Exercise data >>

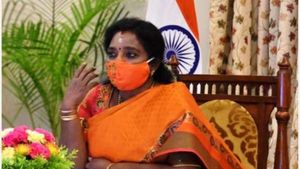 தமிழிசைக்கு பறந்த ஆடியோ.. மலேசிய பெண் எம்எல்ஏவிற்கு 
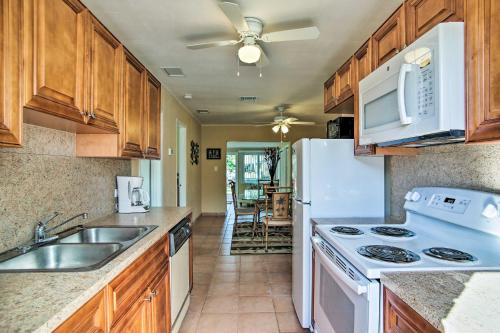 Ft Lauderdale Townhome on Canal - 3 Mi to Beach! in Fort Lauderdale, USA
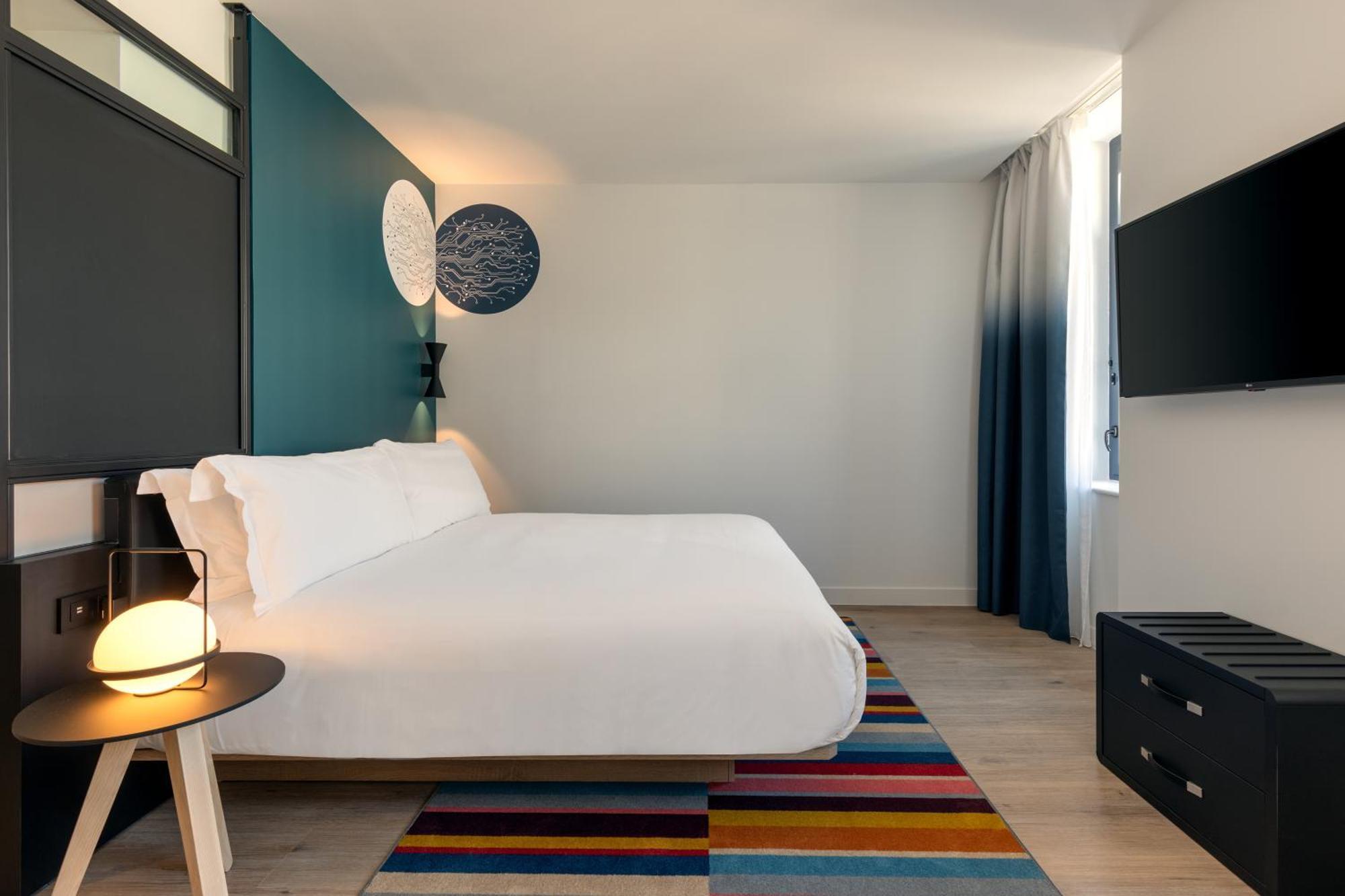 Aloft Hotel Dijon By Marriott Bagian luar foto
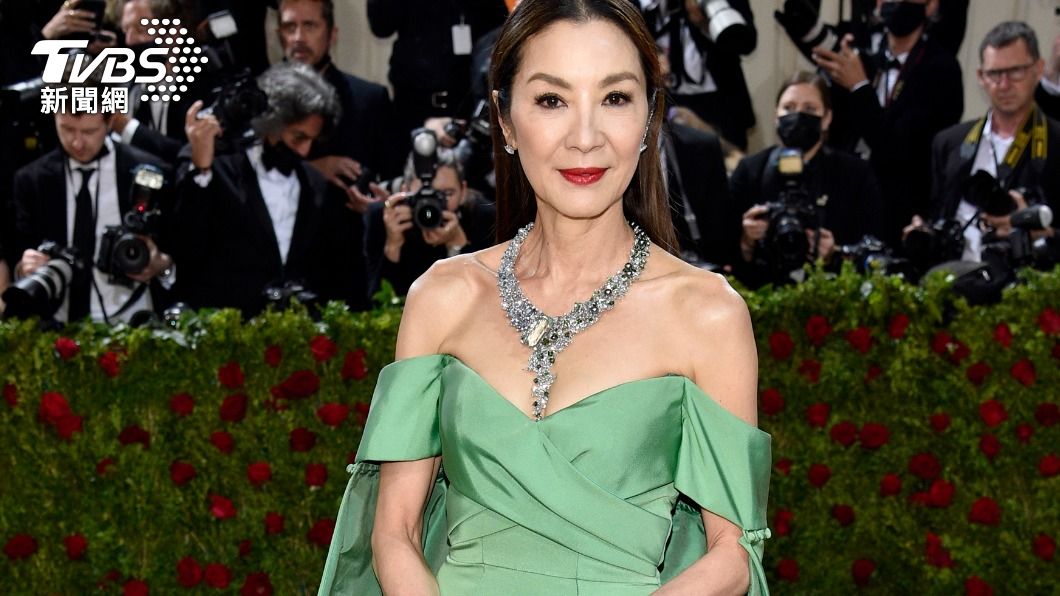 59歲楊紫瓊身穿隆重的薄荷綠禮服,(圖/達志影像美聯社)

* * *

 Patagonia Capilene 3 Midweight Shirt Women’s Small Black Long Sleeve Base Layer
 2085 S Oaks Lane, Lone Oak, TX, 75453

Problem description >> I'd like the lines above repeated exactly, from the one that contains "Aloft Hotel Dijon" through the one that contains "59歲楊紫瓊身穿隆重的薄荷綠禮服,(圖/達志影像美聯社)", with no pictures.

Answer section >>
 Aloft Hotel Dijon By Marriott Bagian luar foto
 59歲楊紫瓊身穿隆重的薄荷綠禮服,(圖/達志影像美聯社)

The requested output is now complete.